The recent earthquake in Nepal made me think about the level of earthquake preparedness in my home and community.
I’m not talking about having a couple wrenches, a crossbow, a couple clean pair of gaunch and cases of canned ravioli and pork and beans set aside in case of natural disaster like an earthquake.
What I’m talking about is the earthquake preparedness in the sense of what do you do in the days after an earthquake?
For example do you go to work? Are you expected to show up to work? I can understand how police, nurses, and firefighters would be going to work, but what about everybody else? What about teachers or office workers or credit union workers? What about the people at McDonalds or Starbucks? Or the local grocery store?
And what if the place that you normally work, like many of our community schools have collapsed or been rendered uninhabitable, or unsafe to enter, well then what happens next?
Do people still have a jobs? Will people be without jobs until such a time as they can find a new place to do business or for students to go to school?
And if there is no place to go to work, no office for you to go to work at, or no bank or credit union or grocery store or Starbucks do you still get paid?
It is pretty safe to assume that if you are not going to work, even if that is there no longer a place to go to work, I suppose that you wouldn’t be getting paid.

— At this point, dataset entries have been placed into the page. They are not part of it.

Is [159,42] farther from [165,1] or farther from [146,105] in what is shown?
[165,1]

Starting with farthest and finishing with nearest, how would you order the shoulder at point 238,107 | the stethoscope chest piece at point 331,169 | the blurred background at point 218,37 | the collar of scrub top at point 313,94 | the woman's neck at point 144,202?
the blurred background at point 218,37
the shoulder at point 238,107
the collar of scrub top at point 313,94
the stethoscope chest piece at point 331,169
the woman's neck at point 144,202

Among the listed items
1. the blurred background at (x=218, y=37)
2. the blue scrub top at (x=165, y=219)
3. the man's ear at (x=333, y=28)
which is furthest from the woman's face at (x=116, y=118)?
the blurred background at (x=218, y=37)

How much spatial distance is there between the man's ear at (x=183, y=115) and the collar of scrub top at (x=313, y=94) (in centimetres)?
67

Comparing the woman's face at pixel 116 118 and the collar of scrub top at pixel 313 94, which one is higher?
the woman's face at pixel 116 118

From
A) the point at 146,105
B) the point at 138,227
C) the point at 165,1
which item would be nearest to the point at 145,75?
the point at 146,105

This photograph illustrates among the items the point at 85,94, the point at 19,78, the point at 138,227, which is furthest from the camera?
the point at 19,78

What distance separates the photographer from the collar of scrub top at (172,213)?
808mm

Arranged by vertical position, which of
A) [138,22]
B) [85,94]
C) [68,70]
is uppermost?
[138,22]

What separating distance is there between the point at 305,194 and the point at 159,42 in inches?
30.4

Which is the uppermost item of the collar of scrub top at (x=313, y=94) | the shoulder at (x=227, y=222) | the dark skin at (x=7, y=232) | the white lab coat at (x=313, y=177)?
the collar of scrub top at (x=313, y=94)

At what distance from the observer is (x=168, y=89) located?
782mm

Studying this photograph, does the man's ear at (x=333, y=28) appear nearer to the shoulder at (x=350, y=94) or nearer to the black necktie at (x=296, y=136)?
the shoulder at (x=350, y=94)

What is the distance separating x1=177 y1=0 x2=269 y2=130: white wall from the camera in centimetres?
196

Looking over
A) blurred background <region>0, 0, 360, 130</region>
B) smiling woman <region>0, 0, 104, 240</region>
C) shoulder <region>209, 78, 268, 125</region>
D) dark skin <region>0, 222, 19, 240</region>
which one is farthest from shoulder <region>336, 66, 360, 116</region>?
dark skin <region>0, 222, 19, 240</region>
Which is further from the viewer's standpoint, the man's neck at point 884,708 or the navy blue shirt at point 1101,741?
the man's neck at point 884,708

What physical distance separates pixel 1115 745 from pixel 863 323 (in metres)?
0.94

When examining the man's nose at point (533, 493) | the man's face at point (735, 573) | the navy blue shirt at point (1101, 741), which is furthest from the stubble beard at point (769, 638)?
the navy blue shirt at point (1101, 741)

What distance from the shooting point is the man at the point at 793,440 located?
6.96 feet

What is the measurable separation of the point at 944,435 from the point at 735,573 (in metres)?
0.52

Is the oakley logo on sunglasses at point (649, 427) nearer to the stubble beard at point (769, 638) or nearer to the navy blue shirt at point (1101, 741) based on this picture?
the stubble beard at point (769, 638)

If people are not working and not getting paid, then they are very likely to rapidly run out of money, how are people expected to to pay their rent or mortgage? That is if their home has actually survived the earthquake.
And what if your home has been destroyed in the earthquake? Do you have to continue paying your mortgage?

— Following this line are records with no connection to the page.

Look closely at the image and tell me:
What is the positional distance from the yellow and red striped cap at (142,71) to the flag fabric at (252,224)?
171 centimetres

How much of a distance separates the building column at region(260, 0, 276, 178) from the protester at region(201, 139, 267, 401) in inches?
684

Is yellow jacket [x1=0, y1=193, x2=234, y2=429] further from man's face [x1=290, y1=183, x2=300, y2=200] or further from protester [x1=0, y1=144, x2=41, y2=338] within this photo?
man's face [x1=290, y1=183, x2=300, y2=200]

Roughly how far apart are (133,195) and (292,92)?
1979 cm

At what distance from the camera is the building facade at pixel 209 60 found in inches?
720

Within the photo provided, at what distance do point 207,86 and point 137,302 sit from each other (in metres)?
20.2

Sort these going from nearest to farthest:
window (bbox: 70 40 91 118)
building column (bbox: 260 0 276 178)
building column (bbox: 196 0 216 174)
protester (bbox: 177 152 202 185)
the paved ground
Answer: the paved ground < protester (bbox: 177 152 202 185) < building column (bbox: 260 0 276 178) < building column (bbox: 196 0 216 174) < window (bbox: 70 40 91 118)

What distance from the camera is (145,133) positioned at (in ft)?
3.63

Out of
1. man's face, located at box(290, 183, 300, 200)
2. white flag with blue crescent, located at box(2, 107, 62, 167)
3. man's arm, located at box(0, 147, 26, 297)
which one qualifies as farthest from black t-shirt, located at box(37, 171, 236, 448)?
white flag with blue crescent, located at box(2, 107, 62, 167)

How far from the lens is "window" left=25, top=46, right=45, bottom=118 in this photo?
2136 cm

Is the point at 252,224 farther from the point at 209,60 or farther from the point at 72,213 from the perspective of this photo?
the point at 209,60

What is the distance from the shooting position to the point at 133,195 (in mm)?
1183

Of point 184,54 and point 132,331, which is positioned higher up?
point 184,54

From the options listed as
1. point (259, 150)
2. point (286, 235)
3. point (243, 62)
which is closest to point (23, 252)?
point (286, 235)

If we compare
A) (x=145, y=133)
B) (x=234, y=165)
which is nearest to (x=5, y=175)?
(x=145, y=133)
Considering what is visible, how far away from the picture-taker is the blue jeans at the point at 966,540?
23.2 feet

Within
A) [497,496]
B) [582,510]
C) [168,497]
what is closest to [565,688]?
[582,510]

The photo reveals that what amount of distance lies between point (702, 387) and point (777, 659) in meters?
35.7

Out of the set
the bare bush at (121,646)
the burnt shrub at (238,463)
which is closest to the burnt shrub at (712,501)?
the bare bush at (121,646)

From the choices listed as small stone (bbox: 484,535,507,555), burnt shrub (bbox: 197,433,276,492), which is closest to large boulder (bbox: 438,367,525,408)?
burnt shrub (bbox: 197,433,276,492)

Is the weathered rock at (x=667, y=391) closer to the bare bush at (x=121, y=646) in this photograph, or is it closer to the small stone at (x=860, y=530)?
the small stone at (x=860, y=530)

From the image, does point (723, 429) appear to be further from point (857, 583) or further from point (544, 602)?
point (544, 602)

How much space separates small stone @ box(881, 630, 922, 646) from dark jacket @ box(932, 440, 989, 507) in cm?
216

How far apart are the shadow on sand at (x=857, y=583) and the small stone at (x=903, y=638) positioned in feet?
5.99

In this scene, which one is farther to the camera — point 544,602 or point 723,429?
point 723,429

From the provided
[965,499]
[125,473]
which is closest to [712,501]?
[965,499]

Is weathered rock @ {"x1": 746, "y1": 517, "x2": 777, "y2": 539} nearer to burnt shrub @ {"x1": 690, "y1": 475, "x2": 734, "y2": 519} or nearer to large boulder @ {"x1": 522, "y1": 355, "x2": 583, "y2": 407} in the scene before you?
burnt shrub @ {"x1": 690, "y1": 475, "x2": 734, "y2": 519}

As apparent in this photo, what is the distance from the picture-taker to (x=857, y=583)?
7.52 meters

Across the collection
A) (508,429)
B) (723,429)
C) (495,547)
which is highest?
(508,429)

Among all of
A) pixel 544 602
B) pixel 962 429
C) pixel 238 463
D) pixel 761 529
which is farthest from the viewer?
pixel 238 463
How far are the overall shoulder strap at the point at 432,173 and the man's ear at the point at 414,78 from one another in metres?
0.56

Are you expected to continue paying your electricity, gas, cable and Internet if your home has been destroyed?
Very, very few people actually have insurance that would pay them any money for damages to their homes in the event of an earthquake. So what happens if hundreds or thousands of houses are destroyed? Where do people go and where do they live during the coming days and weeks? What happens if an earthquake takes place during our rainy season?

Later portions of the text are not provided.